To say the island is beautiful would be a vast understatement, as I’ve repeatedly called it a mixture of the Scottish coast, Northern California’s Lake Tahoe, and Maine or even Novia Scotia during the peak summer months.
So, all this month I’m highlighting where to go, what to do, and what there is to see (and, don’t forget, eat!), in Batanes.
Today, let’s jump in a trike (a two-person sidecar attached to a motorcycle that’s the standard method of transportation for taxiing tourists) and embark on the Northern Island tour of Batanes, which is probably the first tour you’ll take since it’s right around Basco, the main town.
I’ll start with the landmark you’ll probably hit last: the Basco Lighthouse. It’s one of three lighthouses on the island but sits on a hill overlooking Basco, so you can take an uphill bicycle ride to get there. You can climb the steps of the 66-foot lighthouse and get some incredible views from the top, but it’s also fully functional, guiding ships through bad weather away from the rocky shores. The lighthouse is a great place to witness the sunset over the distant horizon!
You’ll also find a traditional Ivatan (the longtime indigenous islanders) house right by the lighthouse, made of sturdy stones and mortar to withstand rain, wind, and storms.

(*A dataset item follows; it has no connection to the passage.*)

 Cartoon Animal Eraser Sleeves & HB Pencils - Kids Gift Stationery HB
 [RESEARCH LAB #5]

In no particular order, we’ll now head out to the Vayang Rolling Hills. Think of the nicest putting green on the nicest golf course you’ve ever seen, and then spread it out over a huge expanse of grassy knolls, all overlooking the navy blue ocean. It’s brilliant for photos – but you don’t want to have your trike run out of gas so you have to walk up the rest of the hilly road. Trust me on that!

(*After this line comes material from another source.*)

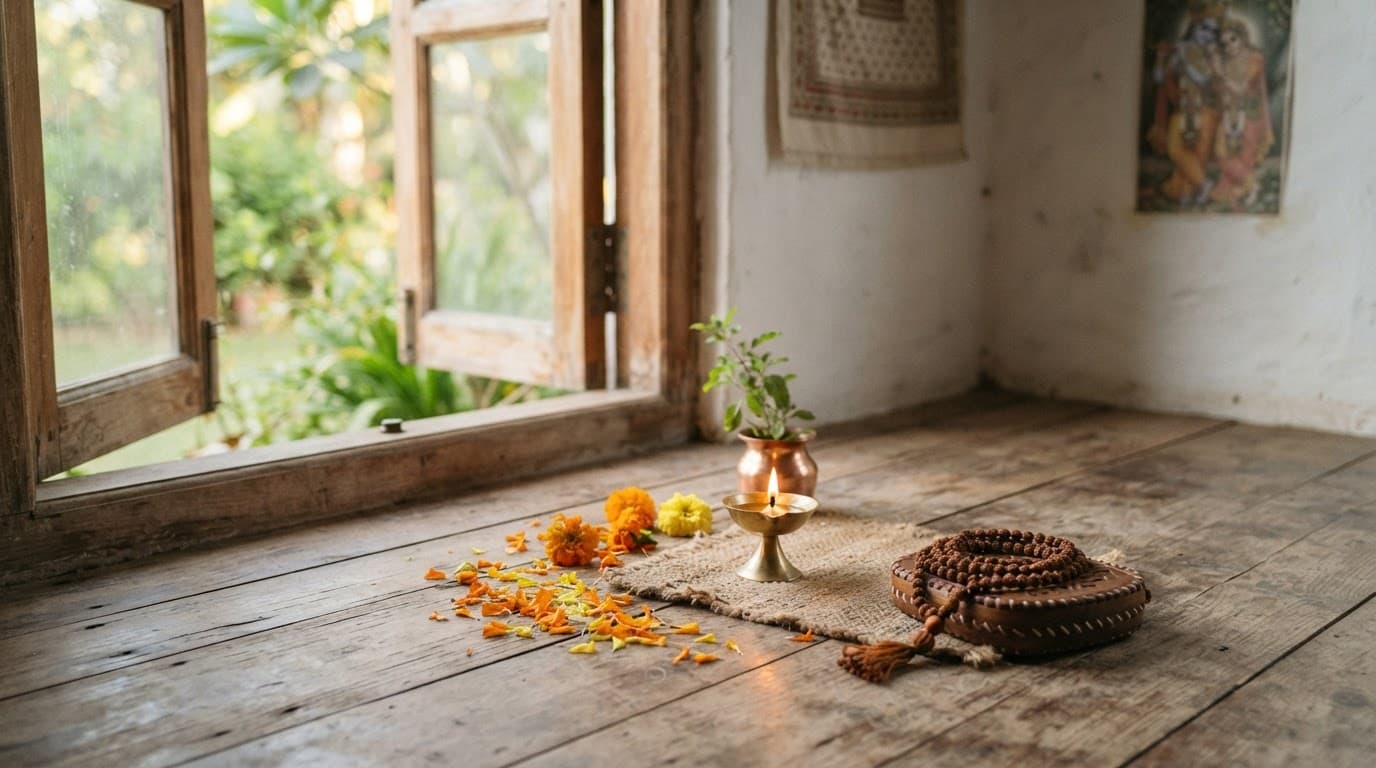 A brass lamp and prayer beads beside an open window with marigold flowers.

The Mt. Carmel Chapel sits on top of a key high point on the Tukon Hills. With its stern cobblestone construction and 360-degree postcard view, the chapel is a popular spot for destination weddings. However, it’s under construction, so the inside is now pretty gutted and unusable until they finish.
The Japanese Tunnels are also a key stop on the Northern Island tour, and definitely worth seeing. When World War II first spread to the Pacific theater, Japanese forces quickly invaded Batanes, occupying the strategically situated island as a point to house troops, fuel, and supplies near Manila, and the U.S. forces there. The Emperor’s troops made the local Ivatan men, women, and children dig a series of tunnels and chambers into this one hill, with five entrances, exists, plenty of room to fit scores of troops, and even a water reservoir. The tunnels served to bunker the troops in case of attack and they needed to hide (which they soon did) and also as a key lookout point for approaching ships and aircraft.
The Café du Tukon offers some incredible farm-to-fork local food, as well as featuring Ivatan art and culture, all in a quaint but upscale dining setting with a view that looks like a Swiss valley.
Your tour will also probably weave through and around Basco, the main town that is home to 8,000 of the island’s 18,000 total population. Basco is a charming and picturesque community where traditional fishermen and modern citizens all com e together to live in a near-idyllic community, where everyone knows each other and there is virtually no crime!